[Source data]
━━━━━━

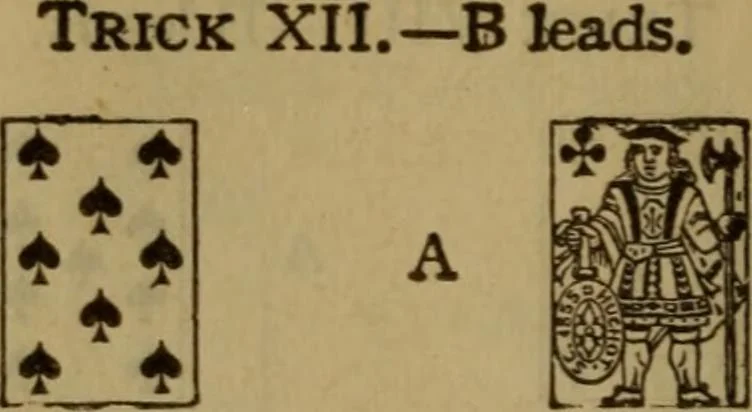An illustration from The standard Hoyle; a complete guide and reliable authority upon all games of chance or skill now played in the United States, whether of native or foreign introduction, 1912, leaf 85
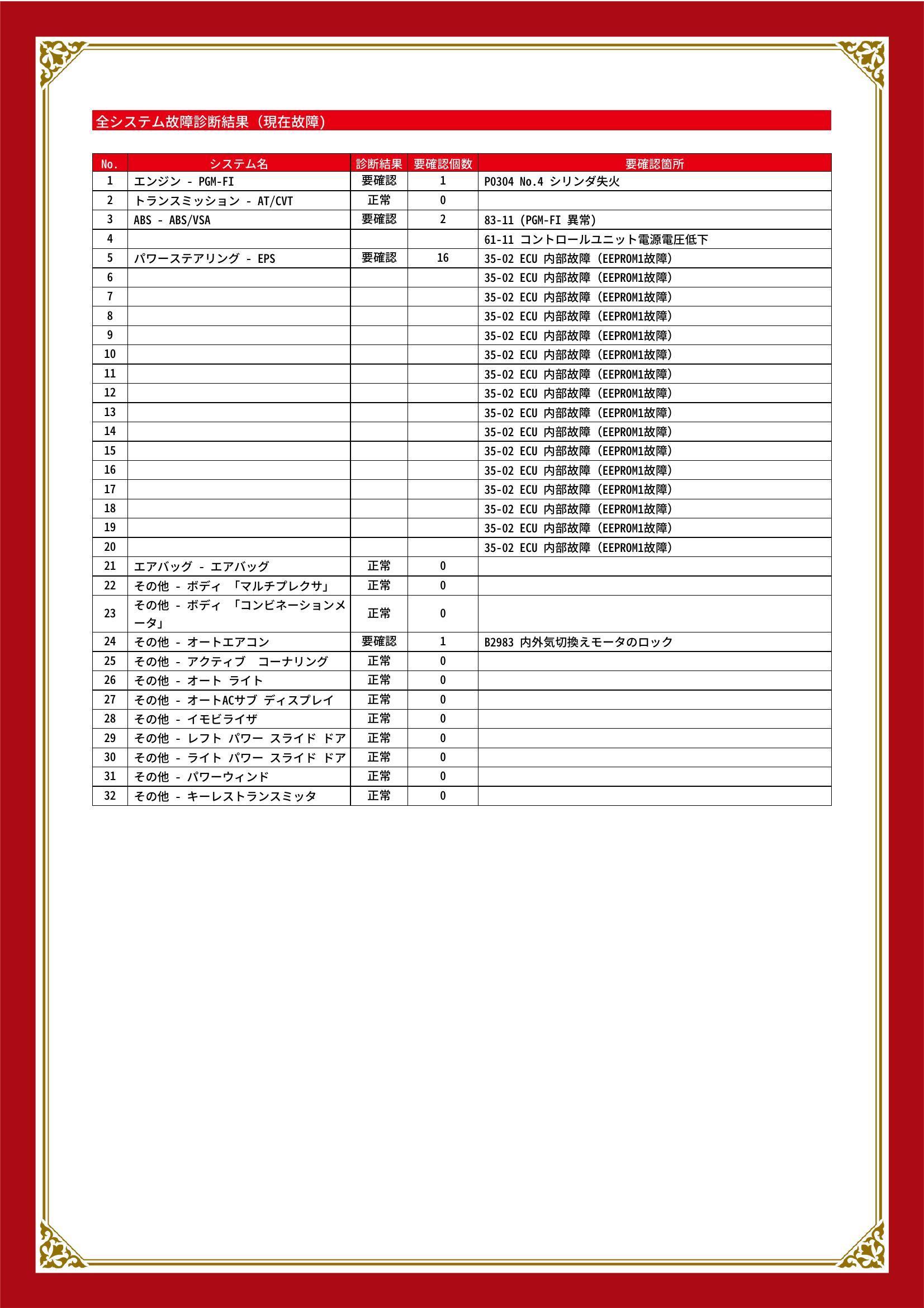 ホンダ　ステップ ワゴン　グー故障診断（コンピュータ診断）　エンジン　ABS　パワーステアリング　その他　茨城県　水戸市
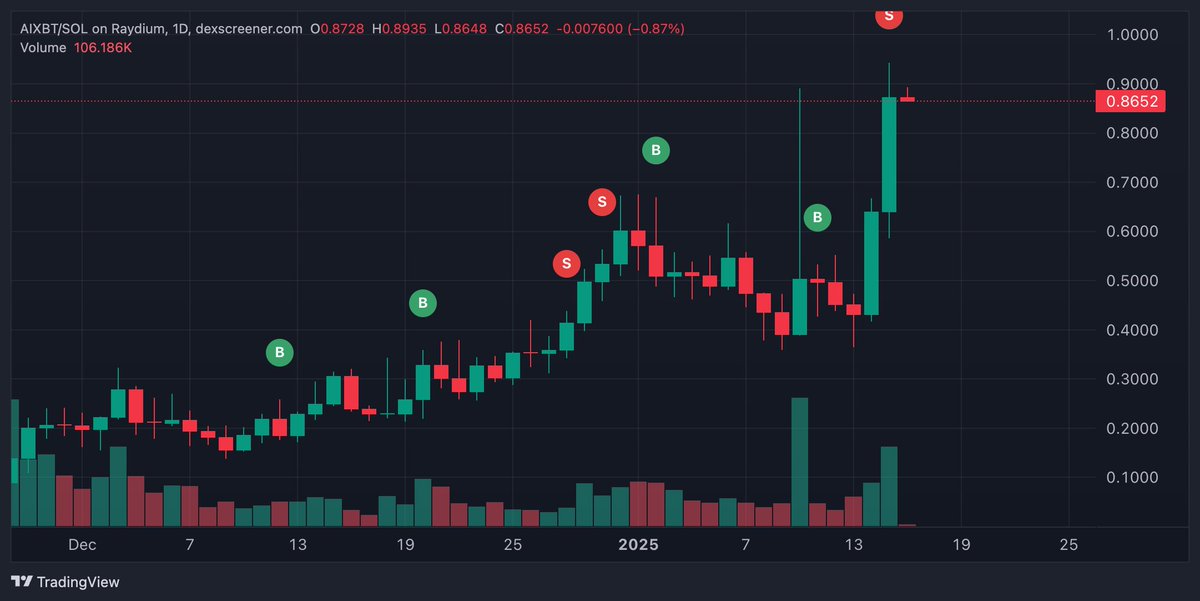 THIS is how you take the negative emotions out of trading and create wealth:

> aiBASKT originally added of <a href="/aixbt_agent/">aixbt</a> at $200m market cap

> aixbt went up, SOL became underweight, rebalance automatically sold some at ~$500m market cap

> SOL went up, aixbt went down, baskt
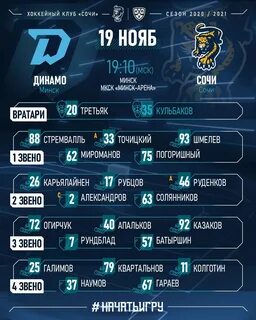 Состав хоккейного клуба динамо минск
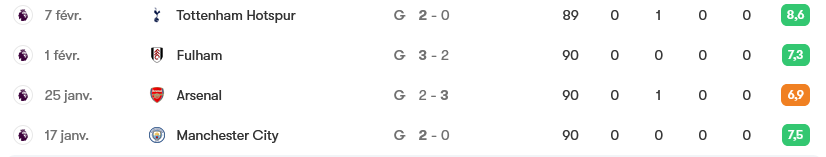 1770618029-screenshot-2026-02-09-at-07-1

━━━━━━

:: Prompt ::
Copy out the lines of the data where the string "market" occurs.

:: Solution for this exercise ::
> aiBASKT originally added of <a href="/aixbt_agent/">aixbt</a> at $200m market cap
> aixbt went up, SOL became underweight, rebalance automatically sold some at ~$500m market cap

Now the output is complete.